Le texte de cette page a été corrigé et est conforme au fac-similé.

Edouard les réduisit; il se tourna ensuite vers les comtés du midi, fit rentrer Londres dans l’obéissance, et pacifia les comtés de l’est. Tous les seigneurs rebelles obtinrent des conditions et se rendirent. Un seul chef, parmi ceux que l’histoire a nommés, persista dans la résistance. Soit qu’il nourrît contre ses oppresseurs une haine plus vigoureuse ou plus ancienne, soit qu’il n’y eût pas de pardon à espérer pour un homme obscur et sans naissance, soit qu’il ne pût profiter d’aucune des amnisties qui furent publiées, le proscrit des forêts paraît avoir longtemps continué sa carrière de périls et d’aventures.

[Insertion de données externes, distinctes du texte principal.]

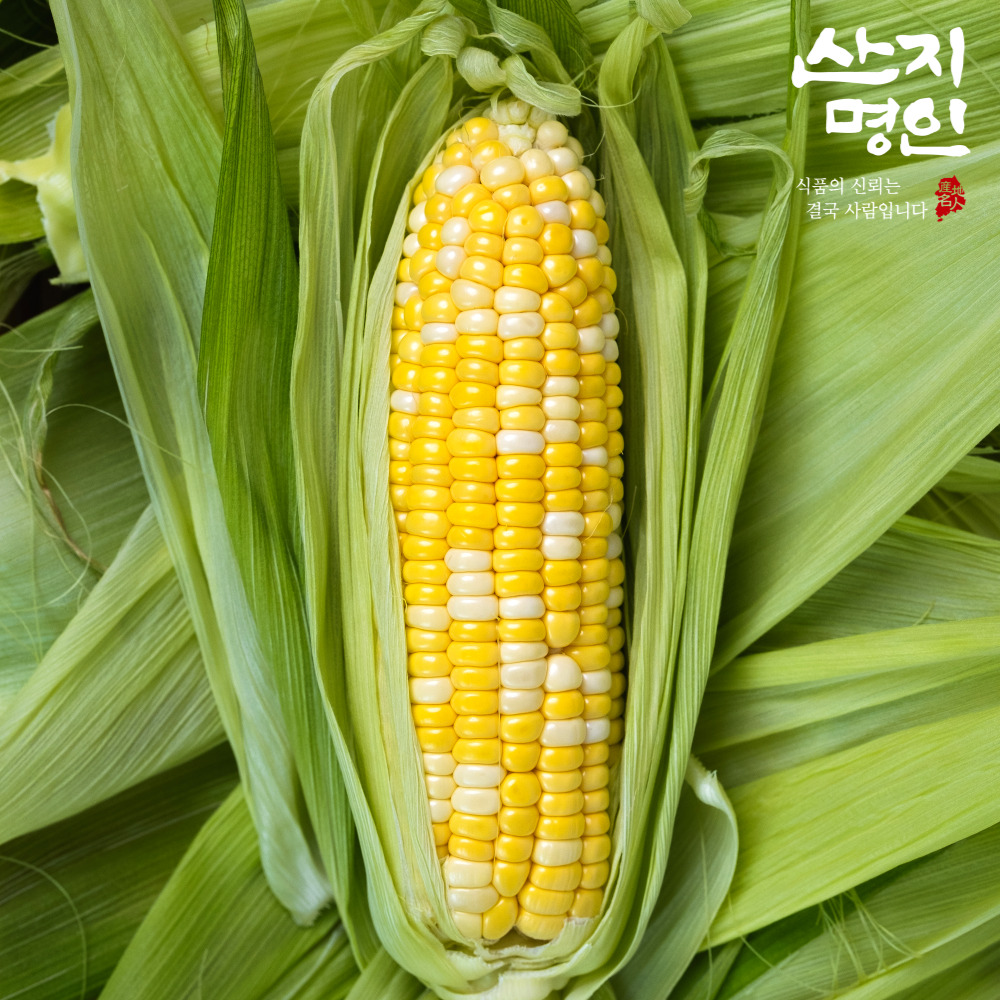 [산지명인] 해남 햇 초당옥수수 14cm이상(특품) 5개입/10개입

S’il fît sa paix avec le roi, les historiens ne le disent pas; leur récit nous porterait plutôt à croire le contraire. Il demeura fidèle à sa retraite des bois, comme ses devanciers, les vieux Saxons, après la conquête. Mathieu Paris raconte que beaucoup d’entre ceux-ci, sous Guillaume le Bâtard, se réfugièrent dans les bois avec leurs familles, et qu’ils se condamnèrent à vivre dans la solitude pour échapper à l’esclavage. Ces mêmes forêts du Yorkshire avaient servi de séjour à un Saxon nommé Sweyn, chef d’une bande nombreuse[1]. Jamais cette manière de protester contre la tyrannie n’était tombée en désuétude; l’histoire de l’Angleterre, dans ces siècles reculés, en offre des traces bien fréquentes. Ce proscrit fut donc l’héritier des Saxons rebelles; il représenta l’esprit de liberté de l’ancienne race conquise et opprimée. Il serait injuste de le regarder simplement comme un brigand : il fut un homme hors la loi, outlaw. Ses griefs étaient peut-être moins clairs et sa cause moins juste que celle de ses premiers devanciers. Nous voyons en lui la décadence de cette race de proscrits : cette opposition armée contre la loi, l’outlawry, a visiblement dégénéré, elle se trouve sur les confins de la guerre de partisans et de la bande de voleurs, les successeurs de celui-ci ne seront bientôt plus que des braconniers; mais enfin il combat encore pour quelque droit méconnu : il y a quelques nobles souvenirs attachés à ce nom, et il est cité parmi ceux qui ont soutenu les libertés anglaises à leur naissance. Ce proscrit s’appelle Robin Hood; le voilà tel que nous avons pu le décrire d’après l’histoire. Nous allons voir ce qu’en a fait la poésie.


II.

Ces révoltes des barons contre les princes inspiraient les poètes du temps. Les chansons étaient une manière d’agir sur les esprits; c’était une arme nouvelle apportée dans le combat. Parmi les personnages célébrés dans ces chants populaires, un seul survécut à son siècle et fut chanté par les générations successives : ce fut Robin Hood. Durant trois ou quatre cents ans, la poésie n’a pas cessé d’en entretenir le peuple anglais.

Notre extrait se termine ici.